Chronologically, John Martin's life for the most part belonged in the 19th century, but stylistically and ideationally he was a child of the late 18th century. He was born in the Revolutionary Year of 1789, and the early romantic trends in philosophy, literature and art characterized his entire production.
Today, few remembers John Martin anymore, even when it comes to art historians. But this makes him all the more interesting: by studying what our own time doesn't appreciate you can learn a lot. In Martin's apocalyptic and often chaotic landscapes with biblical and literary figures, his contemporaries saw both a pictorial boldness bordering on madness, and a near perfect expression of what Burke called "the sublime" - the romantic concept that represented the "strongest feeling which the mind is capable of feeling." Simply put, Burke argued that the sublime can be discerned when beauty exceeds the dimensions and constraints of human perception.
Despite being an unskilled small town boy on the Scottish border and constantly being in quarrels with the Royal Academy, Martin was a respected artist. The contrast is great against his predecessor, the thirty year older William Blake. Blake's mythological images, despite their loaded content, are calm and transparent, with clear contours. In Martin's large and dramatic scenes, the movement and intensity are one with the landscape itself - the spectator is drawn into the images like in a maelstrom. Martin saw nature with the eyes of an 18th century Romantic and portrayed it with a consistent topographical and meteorological exaggeration. The paintings offered the urban bourgeoisie who visited the art galleries an opportunity to live out their strong emotions.

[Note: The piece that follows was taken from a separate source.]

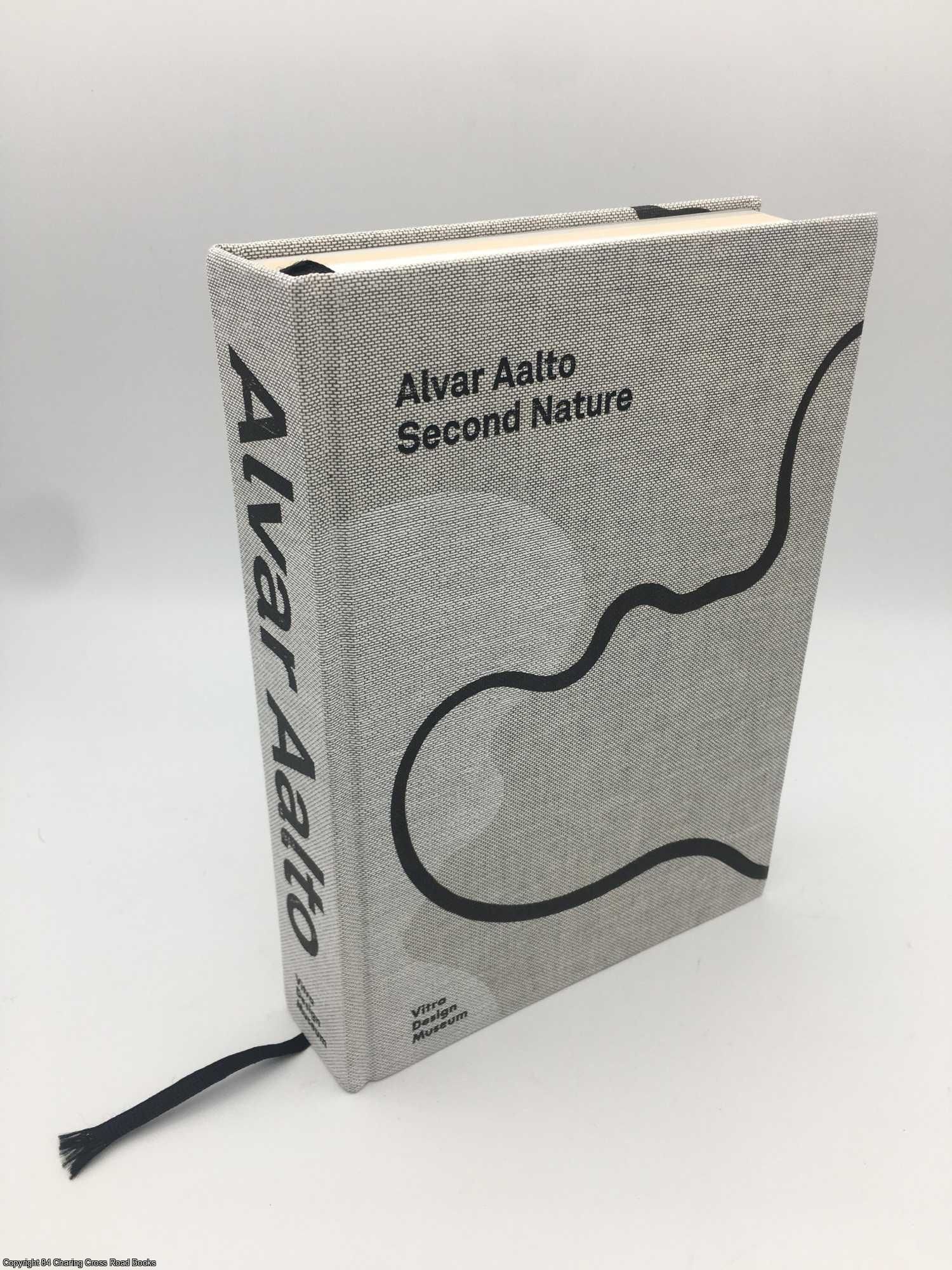 Alvar Aalto: Second Nature by Kries, Mateo | Hardcover | 2014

"The Assuaging of the Waters" (1840) is one of John Martin's more quiet and peaceful works. It almost seems tacky and kitschy to our eyes, with its pink skies and seductively swirling water. The sun has broken through the clouds and the dove, sent out from the ark, has picked its olive branch. But it's contrasted by a non-biblical raven - black as well as white has survived the deluge. However symbolic they may be, they're only details in the composition. The real motive is the overwhelming sea and rock landscape. Today, it's difficult to overwhelm any brain suffering from sensory overload by having been marinated in and dulled by mass media and fast paced Hollywood junk since day one. Perhaps a judgement day, such as in many of Martin's pictures, would be a suitable cure.